**Task directions:** Beneath this line are entries. Copy the range from the line with "Color with Kindness DTF Transfer" to the line with "Garrafa Térmica Stanley", ends included, exactly; leave pictures out.

**Data extract:**
━━━━━━━━━━━━━━━━

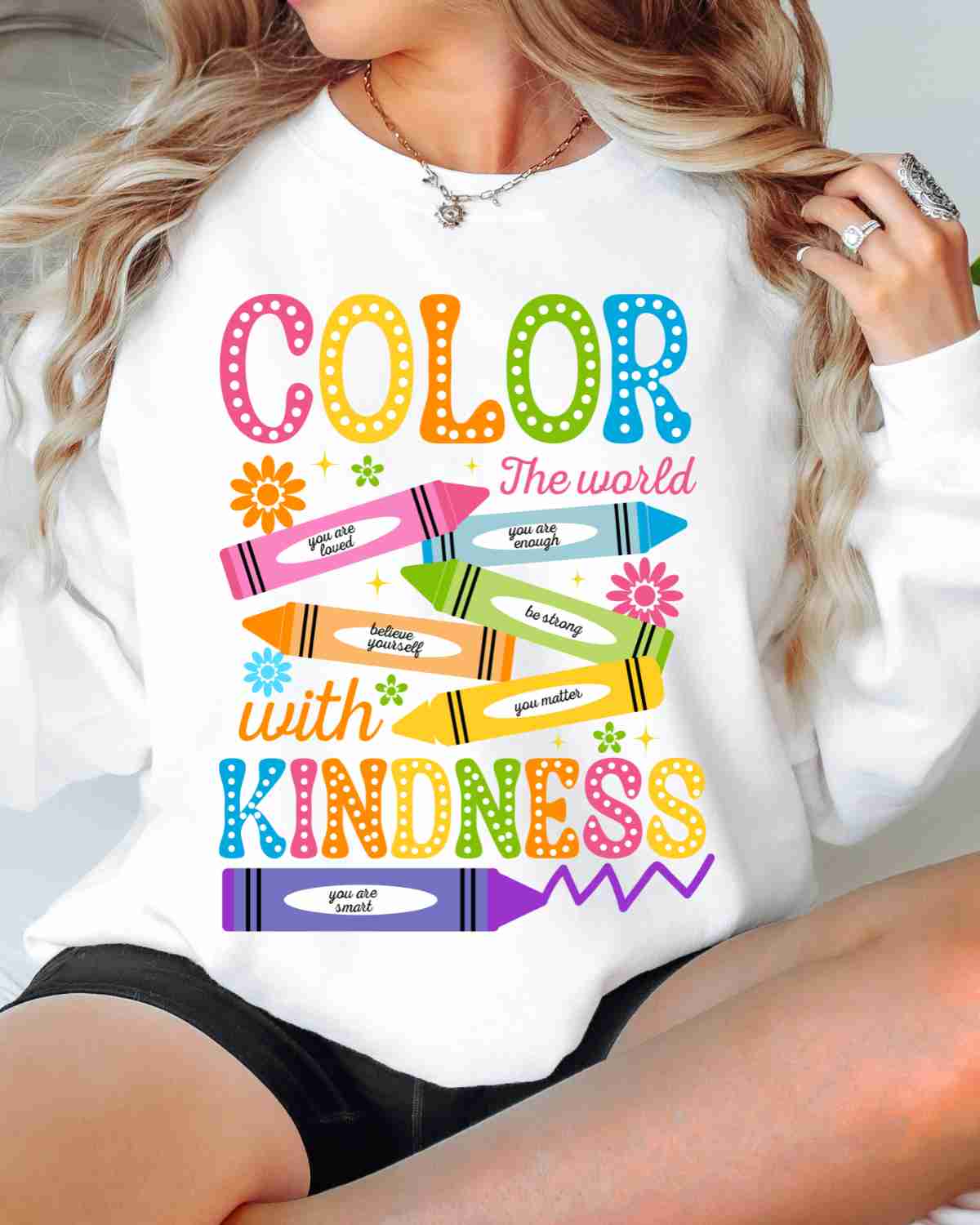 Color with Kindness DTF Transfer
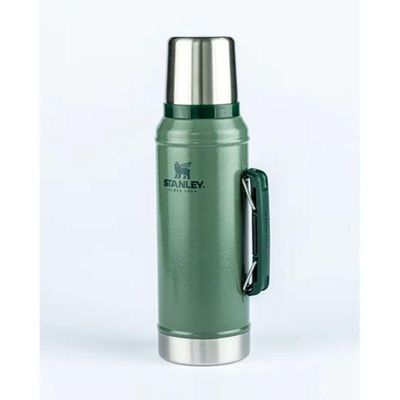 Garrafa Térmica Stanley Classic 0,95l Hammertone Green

━━━━━━━━━━━━━━━━

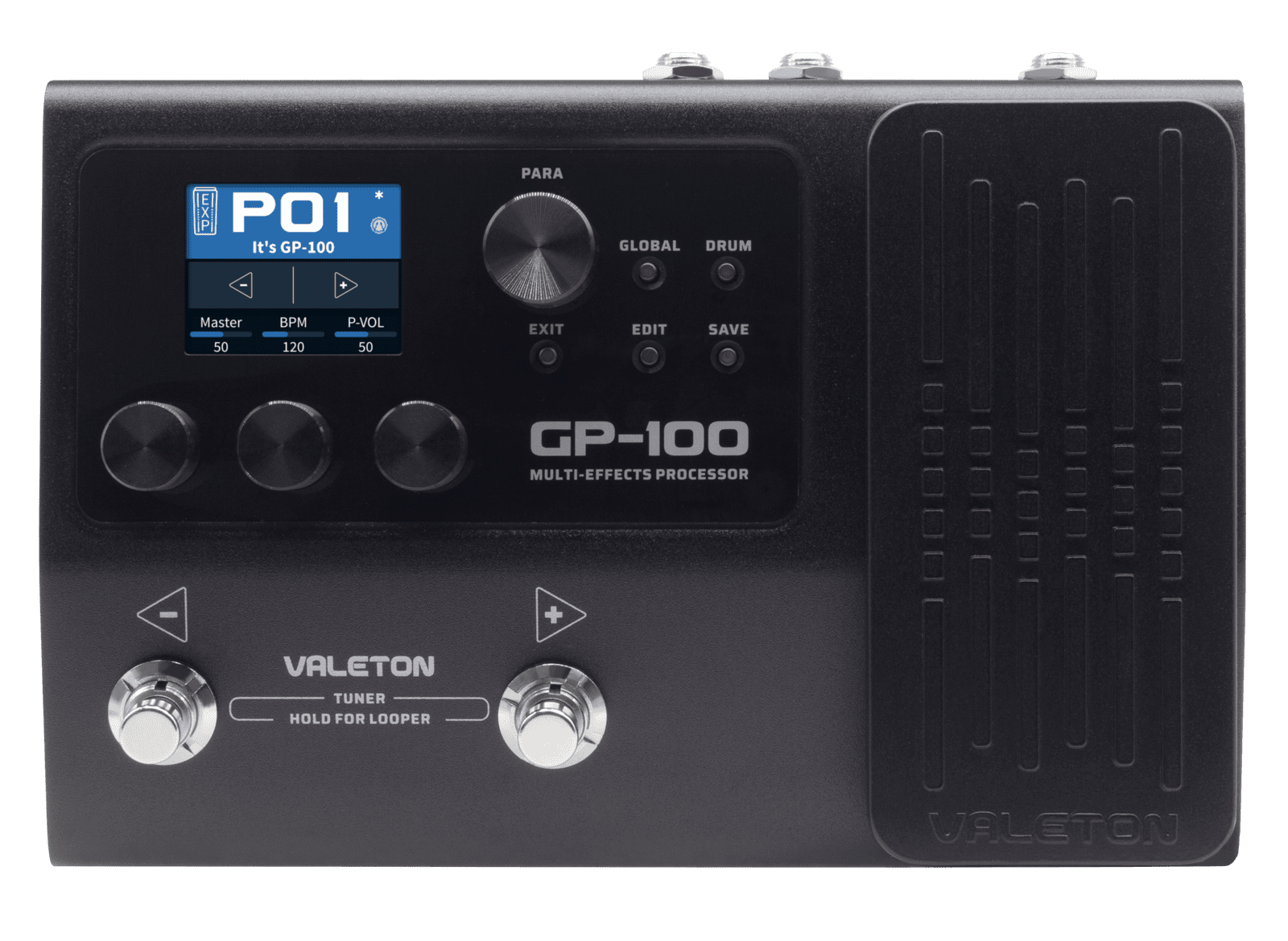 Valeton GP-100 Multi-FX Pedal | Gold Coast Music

━━━━━━━━━━━━━━━━

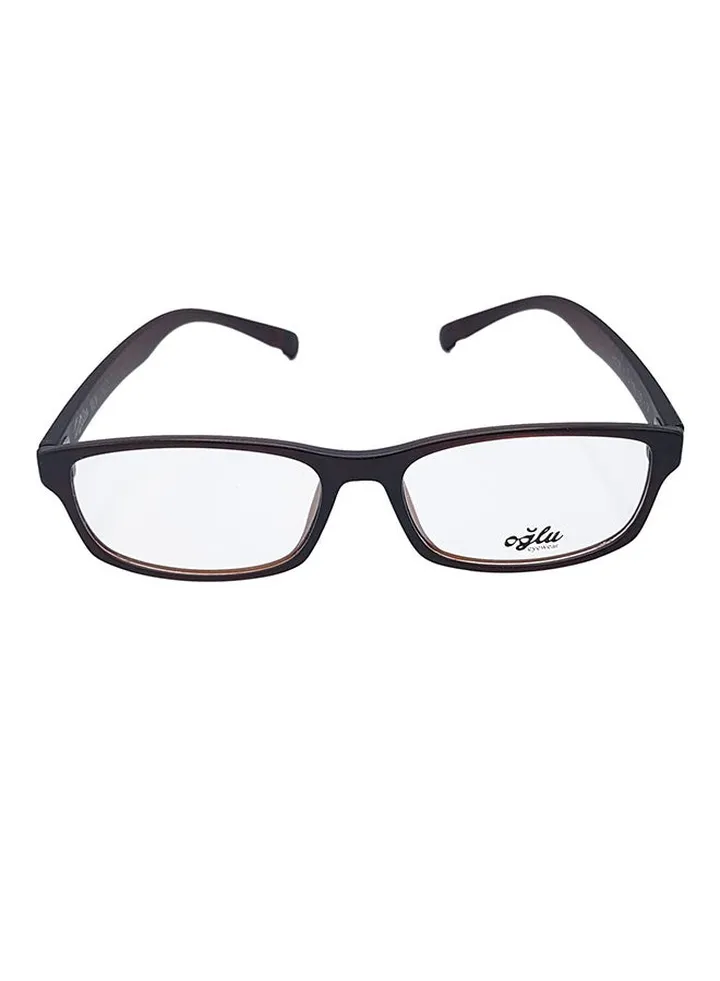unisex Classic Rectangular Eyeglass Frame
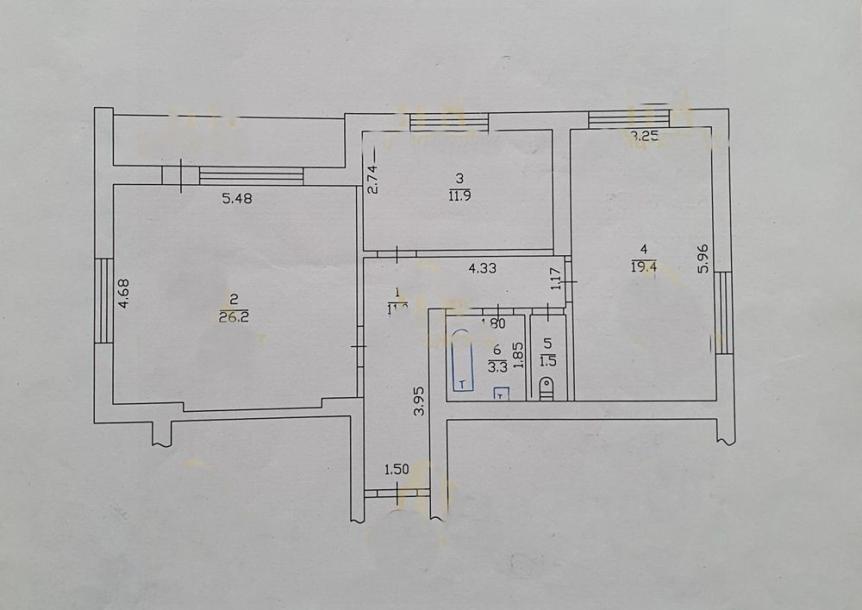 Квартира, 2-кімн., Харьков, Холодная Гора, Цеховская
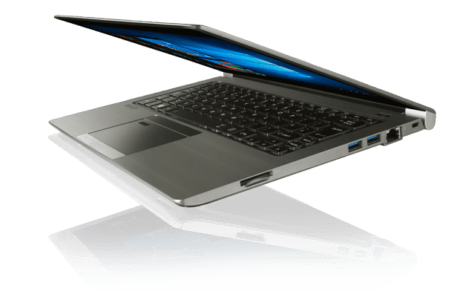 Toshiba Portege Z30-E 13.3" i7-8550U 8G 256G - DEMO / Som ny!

━━━━━━━━━━━━━━━━

**Task answer:**
 Color with Kindness DTF Transfer
 Garrafa Térmica Stanley Classic 0,95l Hammertone Green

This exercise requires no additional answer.